The Insecure Offenders: Rebellious Youth in the Welfare State (1961 book)

Review of book ( by T. R. Fyvel ) in Studies Quarterly Review, Winter 1962 
THE first of these books might take its place in the worthy company of The Uses of Literacy, The Hidden Persuaders and The Affluent Society. It is, with them, a study of the vital under-currents of modern society; here there is particular stress on the influences which are producing delinquents in such alarming numbers. Statistics are used; but the book is a study of people not numbers. It deals principally with Britain, but has interesting sections also on the problem in U.S.S.R., U.S.A. and Europe. The statistical size of the problem may be indicated by the figures for Britain: in 1938 indictible offences in the 17-21 age group were 10,131, in 1959 they were 30,086; violence against the person rose from 163 to 2,366. Similar trends have appeared almost everywhere. 

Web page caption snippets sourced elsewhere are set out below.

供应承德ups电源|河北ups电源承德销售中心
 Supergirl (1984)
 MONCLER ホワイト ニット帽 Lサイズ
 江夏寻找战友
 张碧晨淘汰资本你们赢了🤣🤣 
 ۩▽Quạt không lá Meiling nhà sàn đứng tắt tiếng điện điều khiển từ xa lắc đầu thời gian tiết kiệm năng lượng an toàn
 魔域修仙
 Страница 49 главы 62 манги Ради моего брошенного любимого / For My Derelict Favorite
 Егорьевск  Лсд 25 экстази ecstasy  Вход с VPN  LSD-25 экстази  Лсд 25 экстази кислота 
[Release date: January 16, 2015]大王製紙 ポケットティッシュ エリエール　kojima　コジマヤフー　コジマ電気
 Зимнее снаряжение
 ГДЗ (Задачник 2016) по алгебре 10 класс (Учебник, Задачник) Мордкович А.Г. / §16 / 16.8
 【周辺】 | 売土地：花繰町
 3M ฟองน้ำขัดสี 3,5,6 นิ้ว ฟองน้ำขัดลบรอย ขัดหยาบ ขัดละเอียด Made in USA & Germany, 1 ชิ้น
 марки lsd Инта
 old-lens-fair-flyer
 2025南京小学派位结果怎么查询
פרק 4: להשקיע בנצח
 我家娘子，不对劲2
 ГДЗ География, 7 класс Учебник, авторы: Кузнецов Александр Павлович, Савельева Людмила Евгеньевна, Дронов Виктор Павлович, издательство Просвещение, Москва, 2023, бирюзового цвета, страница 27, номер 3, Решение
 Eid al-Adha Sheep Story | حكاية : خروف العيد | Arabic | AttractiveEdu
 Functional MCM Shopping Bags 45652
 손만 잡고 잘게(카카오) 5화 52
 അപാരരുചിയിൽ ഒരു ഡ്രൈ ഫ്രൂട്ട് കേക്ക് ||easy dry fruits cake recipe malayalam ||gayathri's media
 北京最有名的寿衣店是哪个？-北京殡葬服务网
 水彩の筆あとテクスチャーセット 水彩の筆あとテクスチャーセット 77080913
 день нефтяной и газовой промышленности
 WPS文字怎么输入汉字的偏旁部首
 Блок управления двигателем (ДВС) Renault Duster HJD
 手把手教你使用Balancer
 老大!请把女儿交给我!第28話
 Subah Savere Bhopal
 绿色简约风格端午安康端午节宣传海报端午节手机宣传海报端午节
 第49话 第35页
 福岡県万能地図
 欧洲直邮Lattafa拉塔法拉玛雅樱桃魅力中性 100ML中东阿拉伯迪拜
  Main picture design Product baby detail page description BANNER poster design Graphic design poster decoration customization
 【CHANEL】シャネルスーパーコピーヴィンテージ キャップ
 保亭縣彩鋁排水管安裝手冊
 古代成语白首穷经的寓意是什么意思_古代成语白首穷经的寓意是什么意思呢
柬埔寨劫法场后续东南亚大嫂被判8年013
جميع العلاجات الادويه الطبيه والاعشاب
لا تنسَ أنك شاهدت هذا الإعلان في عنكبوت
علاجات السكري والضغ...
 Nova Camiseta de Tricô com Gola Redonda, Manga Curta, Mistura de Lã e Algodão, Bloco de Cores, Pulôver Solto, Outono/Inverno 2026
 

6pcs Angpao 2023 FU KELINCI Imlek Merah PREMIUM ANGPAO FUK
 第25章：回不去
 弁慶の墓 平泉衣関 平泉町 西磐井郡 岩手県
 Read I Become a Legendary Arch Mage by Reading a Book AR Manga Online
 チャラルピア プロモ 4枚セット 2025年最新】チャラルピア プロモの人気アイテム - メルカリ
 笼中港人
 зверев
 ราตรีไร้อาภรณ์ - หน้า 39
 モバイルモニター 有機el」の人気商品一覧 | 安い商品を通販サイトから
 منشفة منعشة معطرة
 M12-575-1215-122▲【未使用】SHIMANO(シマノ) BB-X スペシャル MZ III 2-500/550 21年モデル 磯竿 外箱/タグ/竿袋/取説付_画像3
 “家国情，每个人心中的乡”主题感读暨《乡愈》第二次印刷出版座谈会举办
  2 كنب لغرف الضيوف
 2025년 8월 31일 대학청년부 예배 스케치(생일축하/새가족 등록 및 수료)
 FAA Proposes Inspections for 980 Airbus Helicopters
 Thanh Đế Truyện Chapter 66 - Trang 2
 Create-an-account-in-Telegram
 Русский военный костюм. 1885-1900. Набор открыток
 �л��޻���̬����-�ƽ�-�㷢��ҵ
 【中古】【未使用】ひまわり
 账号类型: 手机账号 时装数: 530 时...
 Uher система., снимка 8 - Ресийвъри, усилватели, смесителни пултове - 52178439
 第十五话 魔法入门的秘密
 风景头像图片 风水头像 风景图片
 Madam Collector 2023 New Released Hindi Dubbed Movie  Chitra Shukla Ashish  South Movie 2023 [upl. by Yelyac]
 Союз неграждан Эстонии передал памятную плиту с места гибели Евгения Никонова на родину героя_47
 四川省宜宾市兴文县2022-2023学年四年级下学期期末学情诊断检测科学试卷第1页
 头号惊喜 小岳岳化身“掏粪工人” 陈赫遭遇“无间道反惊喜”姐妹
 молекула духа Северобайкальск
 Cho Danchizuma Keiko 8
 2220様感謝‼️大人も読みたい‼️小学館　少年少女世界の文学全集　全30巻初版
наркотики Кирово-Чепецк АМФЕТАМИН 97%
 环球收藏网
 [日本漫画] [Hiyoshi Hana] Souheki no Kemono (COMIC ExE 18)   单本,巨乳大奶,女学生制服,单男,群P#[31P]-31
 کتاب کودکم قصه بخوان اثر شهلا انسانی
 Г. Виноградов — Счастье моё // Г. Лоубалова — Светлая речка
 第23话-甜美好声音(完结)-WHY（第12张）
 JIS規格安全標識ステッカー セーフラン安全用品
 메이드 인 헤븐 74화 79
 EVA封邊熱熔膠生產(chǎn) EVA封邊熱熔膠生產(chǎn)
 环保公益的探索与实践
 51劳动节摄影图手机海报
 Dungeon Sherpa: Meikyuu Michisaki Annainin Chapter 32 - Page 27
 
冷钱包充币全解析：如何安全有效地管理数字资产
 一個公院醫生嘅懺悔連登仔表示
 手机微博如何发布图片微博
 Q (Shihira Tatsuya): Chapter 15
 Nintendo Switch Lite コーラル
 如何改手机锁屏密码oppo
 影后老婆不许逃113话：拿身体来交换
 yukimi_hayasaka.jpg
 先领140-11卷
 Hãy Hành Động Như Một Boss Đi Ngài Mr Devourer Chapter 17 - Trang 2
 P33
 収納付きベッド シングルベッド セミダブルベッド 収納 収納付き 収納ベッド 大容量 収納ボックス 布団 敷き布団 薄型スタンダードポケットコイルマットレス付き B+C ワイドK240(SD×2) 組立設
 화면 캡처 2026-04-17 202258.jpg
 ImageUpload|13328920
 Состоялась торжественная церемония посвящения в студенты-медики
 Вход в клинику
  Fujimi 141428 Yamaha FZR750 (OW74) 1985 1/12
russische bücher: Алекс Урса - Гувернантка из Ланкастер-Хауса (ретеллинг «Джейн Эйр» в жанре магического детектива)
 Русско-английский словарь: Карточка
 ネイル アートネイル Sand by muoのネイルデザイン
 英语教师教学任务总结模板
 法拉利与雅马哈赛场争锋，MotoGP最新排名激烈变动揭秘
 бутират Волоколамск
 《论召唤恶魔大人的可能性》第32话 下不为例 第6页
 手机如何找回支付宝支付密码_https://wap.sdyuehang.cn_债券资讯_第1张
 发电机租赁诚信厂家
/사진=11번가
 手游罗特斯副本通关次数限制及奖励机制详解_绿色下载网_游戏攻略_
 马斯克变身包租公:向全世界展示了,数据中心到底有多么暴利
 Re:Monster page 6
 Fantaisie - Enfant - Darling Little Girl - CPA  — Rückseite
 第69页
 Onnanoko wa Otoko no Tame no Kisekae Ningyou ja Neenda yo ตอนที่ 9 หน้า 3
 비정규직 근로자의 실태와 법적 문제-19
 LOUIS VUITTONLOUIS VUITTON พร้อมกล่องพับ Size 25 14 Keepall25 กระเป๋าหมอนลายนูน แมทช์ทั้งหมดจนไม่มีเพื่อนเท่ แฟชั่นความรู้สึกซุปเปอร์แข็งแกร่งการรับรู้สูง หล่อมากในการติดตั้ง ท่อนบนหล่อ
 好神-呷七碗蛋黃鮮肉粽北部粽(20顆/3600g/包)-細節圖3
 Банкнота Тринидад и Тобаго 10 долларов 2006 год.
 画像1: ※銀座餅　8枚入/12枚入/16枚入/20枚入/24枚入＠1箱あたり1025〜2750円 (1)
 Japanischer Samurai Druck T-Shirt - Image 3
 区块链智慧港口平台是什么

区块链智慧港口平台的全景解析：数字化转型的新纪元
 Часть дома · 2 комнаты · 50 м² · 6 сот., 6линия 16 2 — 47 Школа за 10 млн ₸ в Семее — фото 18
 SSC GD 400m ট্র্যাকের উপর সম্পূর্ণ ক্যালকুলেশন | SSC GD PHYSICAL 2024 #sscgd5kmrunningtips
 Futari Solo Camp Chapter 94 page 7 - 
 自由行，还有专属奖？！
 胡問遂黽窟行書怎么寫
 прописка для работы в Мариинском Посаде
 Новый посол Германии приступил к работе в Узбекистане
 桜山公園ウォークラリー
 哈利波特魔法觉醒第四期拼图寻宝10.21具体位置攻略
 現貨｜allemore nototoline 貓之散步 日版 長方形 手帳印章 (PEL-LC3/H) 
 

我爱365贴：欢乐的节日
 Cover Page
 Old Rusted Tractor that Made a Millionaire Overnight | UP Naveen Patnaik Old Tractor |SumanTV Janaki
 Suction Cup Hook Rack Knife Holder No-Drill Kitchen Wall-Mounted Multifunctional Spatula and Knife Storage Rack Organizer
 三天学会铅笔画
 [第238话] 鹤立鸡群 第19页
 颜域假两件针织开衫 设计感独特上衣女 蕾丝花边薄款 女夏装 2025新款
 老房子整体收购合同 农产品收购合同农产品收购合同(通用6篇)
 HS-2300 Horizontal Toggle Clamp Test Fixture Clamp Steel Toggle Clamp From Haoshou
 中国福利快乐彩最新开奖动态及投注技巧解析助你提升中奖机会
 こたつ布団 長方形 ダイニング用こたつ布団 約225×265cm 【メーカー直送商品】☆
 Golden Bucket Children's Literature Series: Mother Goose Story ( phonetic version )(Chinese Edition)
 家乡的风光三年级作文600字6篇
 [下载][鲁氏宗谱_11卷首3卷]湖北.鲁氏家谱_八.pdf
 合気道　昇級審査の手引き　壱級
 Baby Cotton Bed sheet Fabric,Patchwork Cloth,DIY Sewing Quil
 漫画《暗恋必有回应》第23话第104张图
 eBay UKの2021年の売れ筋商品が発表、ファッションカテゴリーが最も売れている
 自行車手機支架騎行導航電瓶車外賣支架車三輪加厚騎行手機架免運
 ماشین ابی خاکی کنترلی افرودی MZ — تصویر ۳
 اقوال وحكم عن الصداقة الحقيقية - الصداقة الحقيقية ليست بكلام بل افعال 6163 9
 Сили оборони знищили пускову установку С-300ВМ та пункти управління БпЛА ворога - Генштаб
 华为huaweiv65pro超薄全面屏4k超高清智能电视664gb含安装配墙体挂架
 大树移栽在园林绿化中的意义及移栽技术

An examination of the social soil encouraging such luxuriant growth shows it to be one where the moral law is openly derided, its very notion being denied validity even in learned circles; where the idea of there being a transcendental purpose in human life is presumed away; where the working philosophy of life is explicitly materialist and hedonist. In such a society commercial interests rule, almost absolutely. These interests are in themselves amoral and ruthless; their one purpose-production, of any thing. Desires are created and satisfied with this end alone in view. Now, the teenage spending power has increased to an enormous extent- unmarried young people spent £900 million in Britain in 1959 - so the commercial pressure is turned on it. The desires created in them are, for the most part, not for the essentials of life;

 'The economy is geared to the least urgent set of human wants' (Galbraith: The Affluent Society); stress is on drinks, smokes, entertainment, decorative clothing, body culture (cosmetics, etc.), betting, cars and scooters, sensational reading. This is the area where advertising and high-pressure salesmanship is concentrated. Desire is not only aroused but made rabid. 'In the U.S. it is already harder than almost anywhere else for those who cannot follow the advice of the advertisers . . . to lead any life which is psychologically secure.' 

It might not surprise a contemplative: it may at first seem rather unexpected to most others, that the result of all this, or at least what goes along with it, is a pervasive boredom. Time may be short and all that but one of the great problems is to put it in, how to kill it! The crime peak is reached in England at 4.0 pm on Sundays.This is one way of relieving boredom. Whether the long hours spent in coffee bars is to be taken as a way of relieving it, or of showing it, is an open question. They may possibly be included under the heading 'Doing Nothing' which was the way 23% of youths, in another survey, described their leisure time activities.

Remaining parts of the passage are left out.